Wahl zum Sportler des Jahres:Ehre, wem Ehre gebührt

Leichtathletik-WM

Überlegene Weitsprung-Weltmeisterin: Malaika Mihambo.

(Foto: dpa)

Wer wird Sportler des Jahres? Das Jahr 2019 bot eine Auswahl an zum Teil kriminellen Verfehlungen - aber auch an Charakteren, die Erfolg und Haltung zeigten.

Kommentar von Barbara Klimke

Der Wettkampfkalender neigt sich dem Ende zu, doch bevor die Ergebnislisten abgeheftet werden, wird noch einmal nachgemessen. Nicht auf frostigen Böden oder in zugigen Turnhallen findet die Schlussrechnung statt, sondern in der Prachtkulisse einer Residenzstadt: Im Kurhaus Baden-Baden, unter der Kassettendecke, werden am Sonntag die Sportler des Jahres gekürt.

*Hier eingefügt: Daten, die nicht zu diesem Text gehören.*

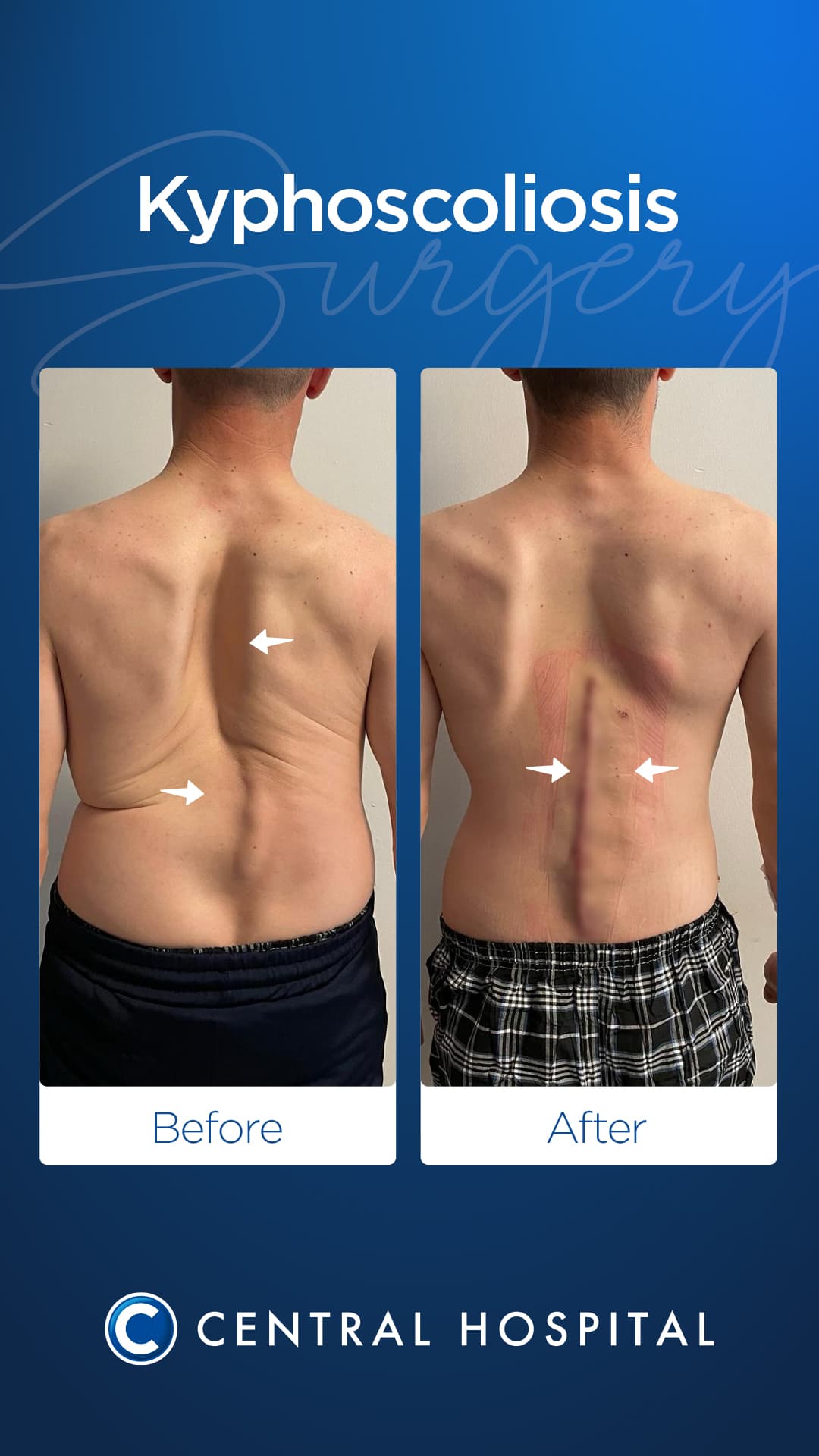 Advanced Kyphoscoliosis — before and after — Central Hospital Istanbul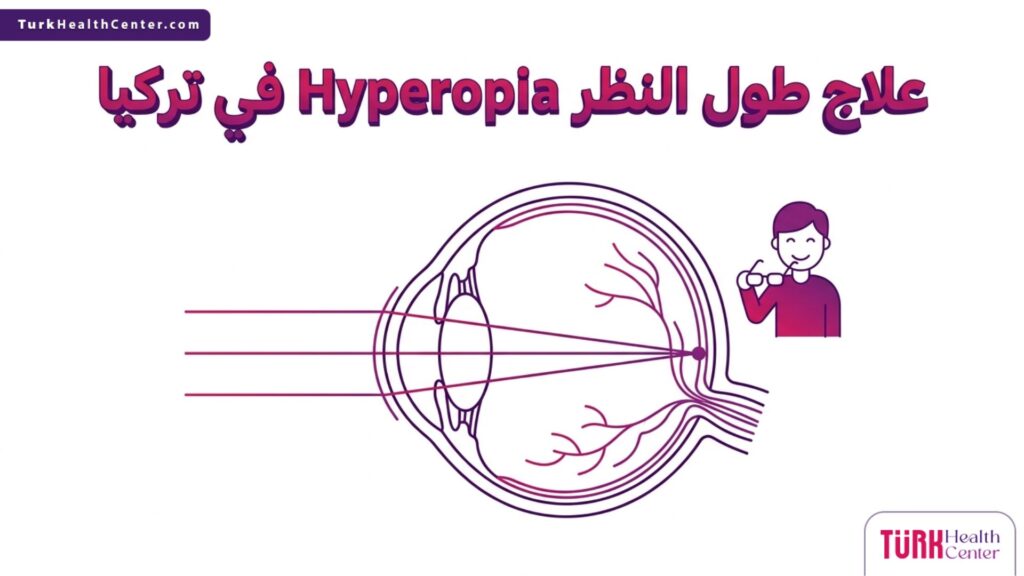 إنفوجرافيك تشريحي يوضح آلية انكسار الضوء داخل العين وكيفية علاج طول النظر Hyperopia في تركيا بدقة علمية.
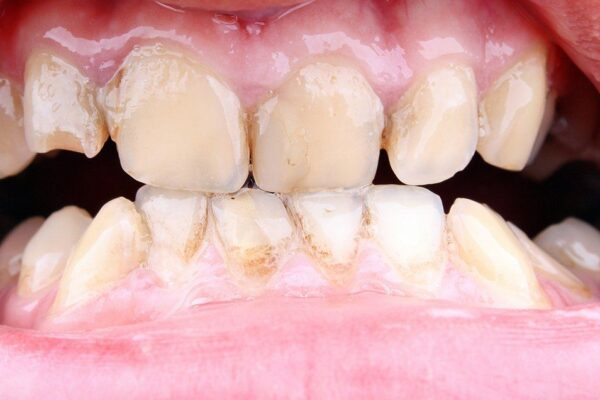 Cure Gum Disease without a Dentist: These Tips Will Help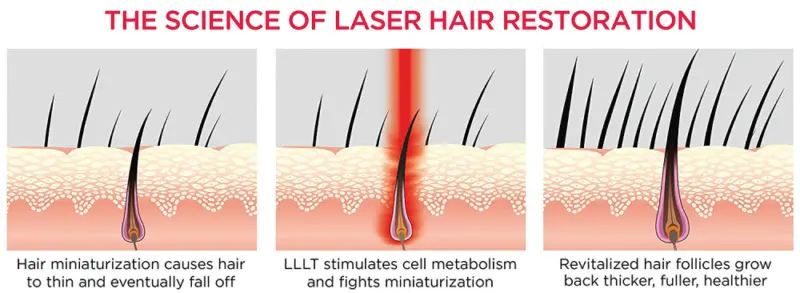 Biolight - The Science Of Laser Light Hair Restoration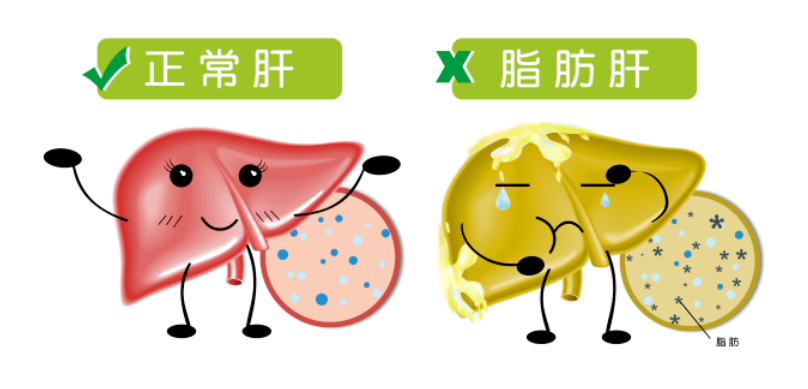 大众科普|一文了解脂肪肝 大众科普|一文了解脂肪肝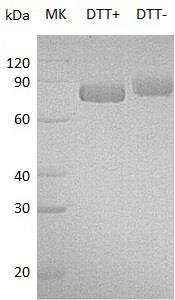 Human KLKB1/KLK3 (His tag) recombinant protein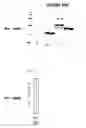 Fig. 149 - Immunisation against Chlamydia pneumoniae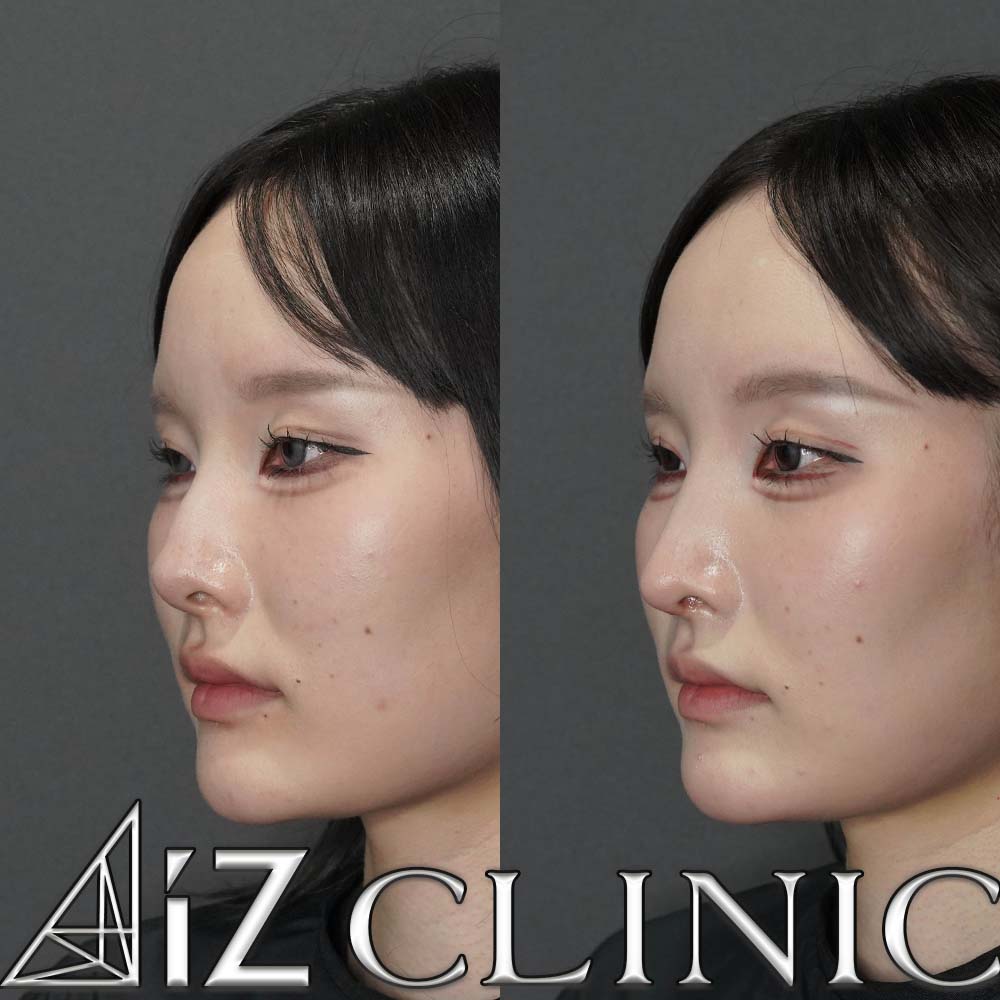 鼻尖形成ストラット法、軟骨移植、鼻中隔延長、鷲鼻修正の術後1ヶ月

Wer vor 700 geladenen Gästen in Frack, Tüll, Plüsch und Pailletten die Auszeichnung entgegennehmen darf, ist noch nicht bekannt. Zu den Favoritinnen dürfte aber wohl jene Frau zählen, die in diesem Jahr so weit durch die Lüfte segelte, wie keine andere Konkurrentin auf dem Planeten: Weitspringerin Malaika Mihambo. Den Triathleten, die sich im Glutofen von Hawaii abstrampelten, Anne Haug und Jan Frodeno, werden ebenfalls gute Chancen eingeräumt, außerdem Zehnkampfkönig Niklas Kaul. Und auch bei den Mannschaften, der dritten Kategorie, sollten sich Persönlichkeiten finden lassen, die das Auswahlkriterium erfüllen: die nicht nur durch Athletik und Wendigkeit, sondern durch Charakterstärke und Haltung aufgefallen sind.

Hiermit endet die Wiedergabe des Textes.